Edmond Butler of Killoshulan, Duiske, County Kilkenny (died 12 July 1691) was the youngest son of Piers Butler of Duiske and Margaret Netterville, daughter of Nicholas Netterville, 1st Viscount Netterville. His grandfather was Edward Butler, 1st Viscount Galmoye. Killoshulan is a townland in the barony of Crannagh, County Kilkenny.

==Marriage and issue==
He married Catherine Crispe, daughter of Nicholas Crispe, circa 1657. Their children were:
- Piers Butler (d. Jan 1716/17)
- Richard Butler

==Career and succession==
Butler gained the rank of Major in 1689 in the service of the Colonel Edward Butler's Regiment of Horse which was in the army of King James II of England. He fought in the Battle of Aughrim and was killed in action.

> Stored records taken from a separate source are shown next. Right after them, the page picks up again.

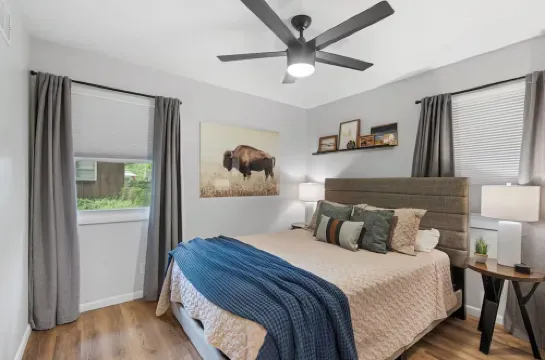 Family Friendly & Cheerful Blue Jay Ranch House close to KSU stadium
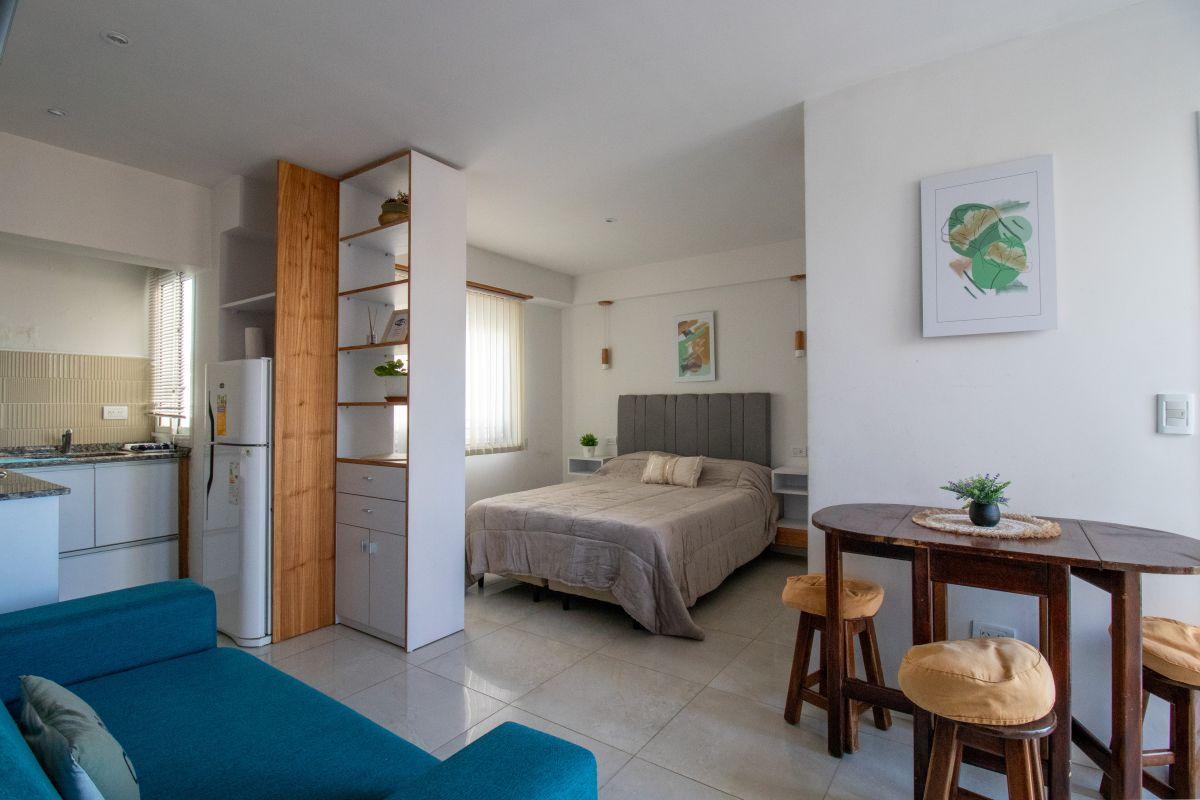 Depto 1 amb, 40m² con balcón — Centro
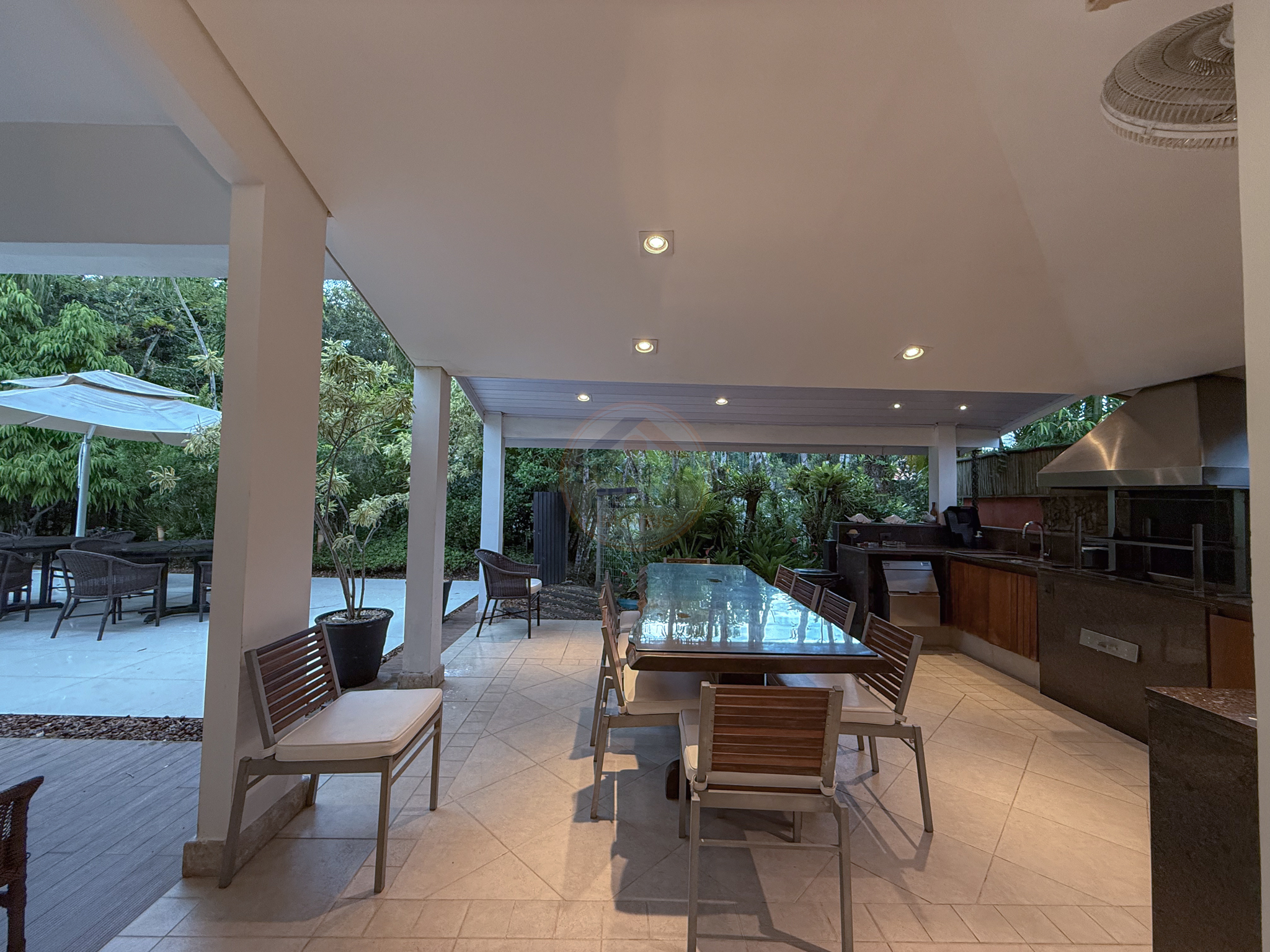 Casa na Praia do Engenho com 5 Su&iacute;tes em Condom&iacute;nio Estilo Clube - LOCA&Ccedil;&Atilde;O MENSAL / DI&Aacute;RIA  São Sebastião - 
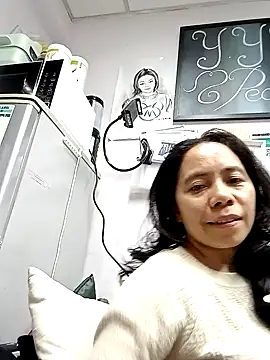 Snapshot of doggiepossession chatting on February 23, 2025, 8:39 am doggiepossession online show from February 23, 2025, 8:39 am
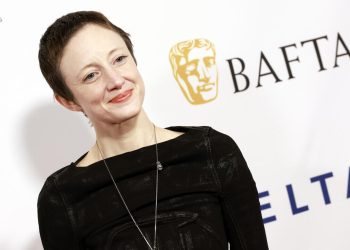 Andrea Riseborough sorprendió al ser nominada por la Academia a los premios Óscar como Mejor actriz por su protagónico en la pequeña película independiente 'To Leslie'. Foto: AFP.
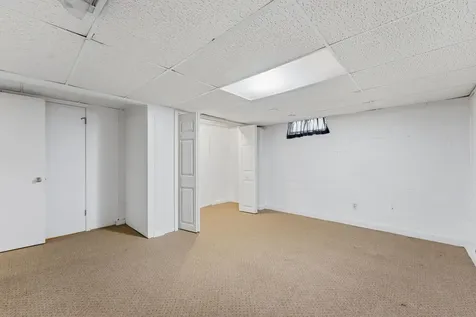 409 25TH Avenue East Moline IL 61244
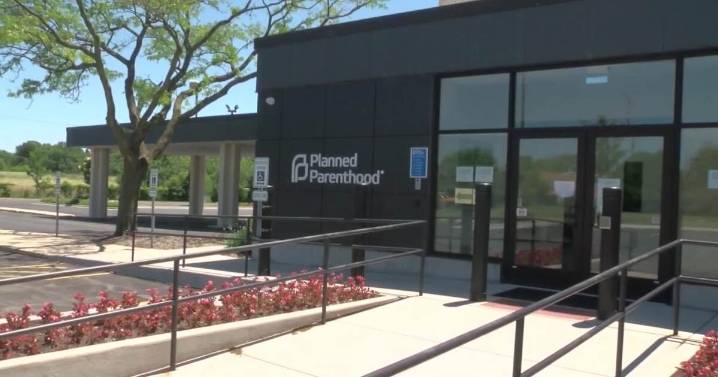 Planned Parenthood of Wisconsin pauses abortion appointments starting October 1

Edmond's elder brother Edward succeeded their grandfather as Viscount Galmoye in 1653. Edward's son, the 3rd Viscount, was attainted in 1697 as a Jacobite. In 1826, when Edward's male line became extinct, Edmond's great-great-great-grandson, Garret Butler, petitioned for the viscountcy and the reversal of the attainder. The Attorney-General for Ireland and Solicitor-General for Ireland (Henry Joy and John Doherty) issued an opinion in 1828 that he would be entitled as senior male heir to the viscountcy if the attainder were reversed, but that would require an Act of Parliament. Garret Butler adopted the style Viscount Galmoy despite the lack of such an act.